---- Dataset excerpts

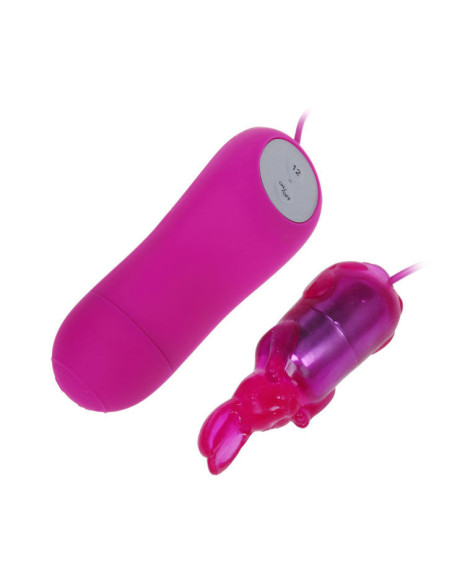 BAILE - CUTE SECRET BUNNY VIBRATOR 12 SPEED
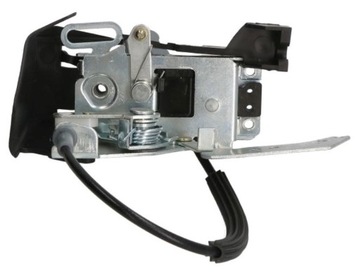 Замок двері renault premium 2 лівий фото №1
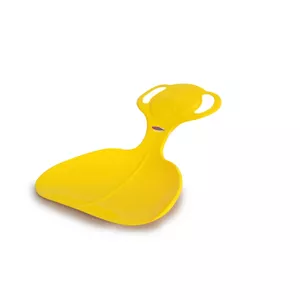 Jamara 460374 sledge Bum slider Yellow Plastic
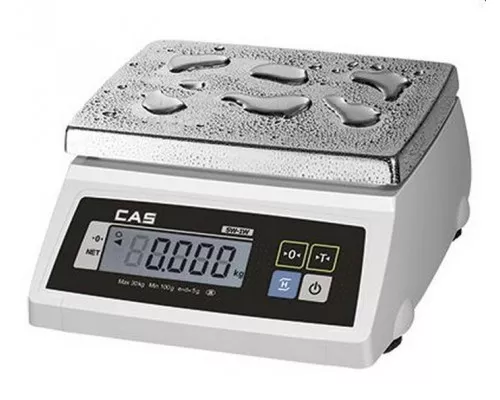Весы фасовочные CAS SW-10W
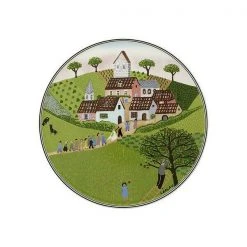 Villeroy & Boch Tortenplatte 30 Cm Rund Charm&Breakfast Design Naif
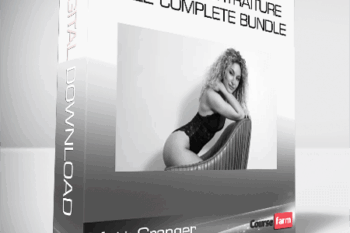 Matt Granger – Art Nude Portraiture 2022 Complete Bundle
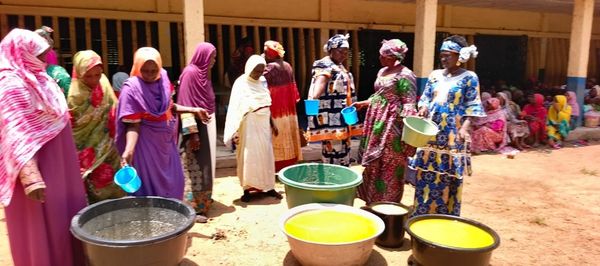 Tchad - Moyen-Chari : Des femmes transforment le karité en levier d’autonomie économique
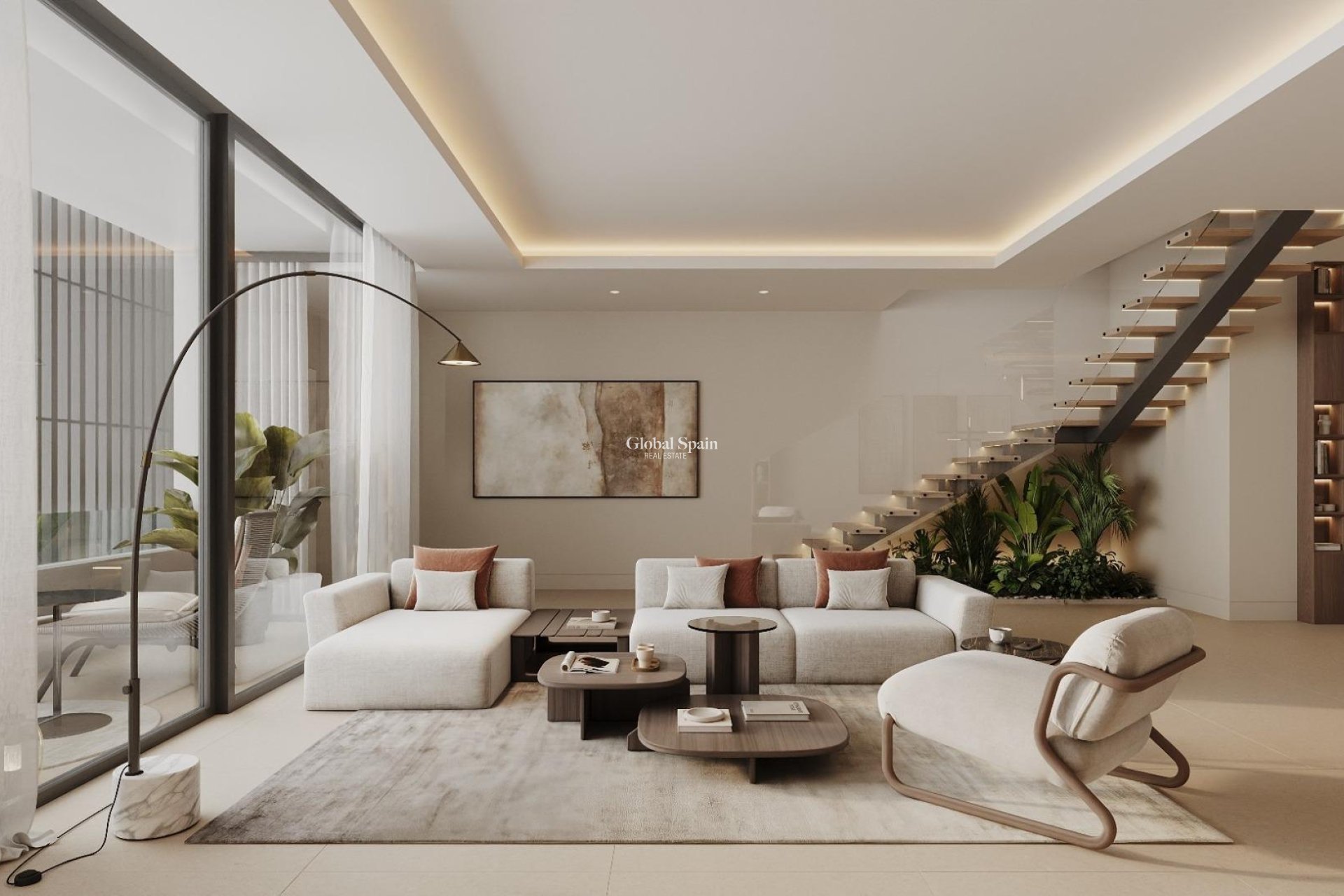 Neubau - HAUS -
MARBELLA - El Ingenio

--------

• _Your objective_: Output everything in the records above word for word, but not the pictures.

• _Result below_:
 BAILE - CUTE SECRET BUNNY VIBRATOR 12 SPEED
 Замок двері renault premium 2 лівий фото №1
 Jamara 460374 sledge Bum slider Yellow Plastic
Весы фасовочные CAS SW-10W
 Villeroy & Boch Tortenplatte 30 Cm Rund Charm&Breakfast Design Naif
 Matt Granger – Art Nude Portraiture 2022 Complete Bundle
 Tchad - Moyen-Chari : Des femmes transforment le karité en levier d’autonomie économique
 Neubau - HAUS -
MARBELLA - El Ingenio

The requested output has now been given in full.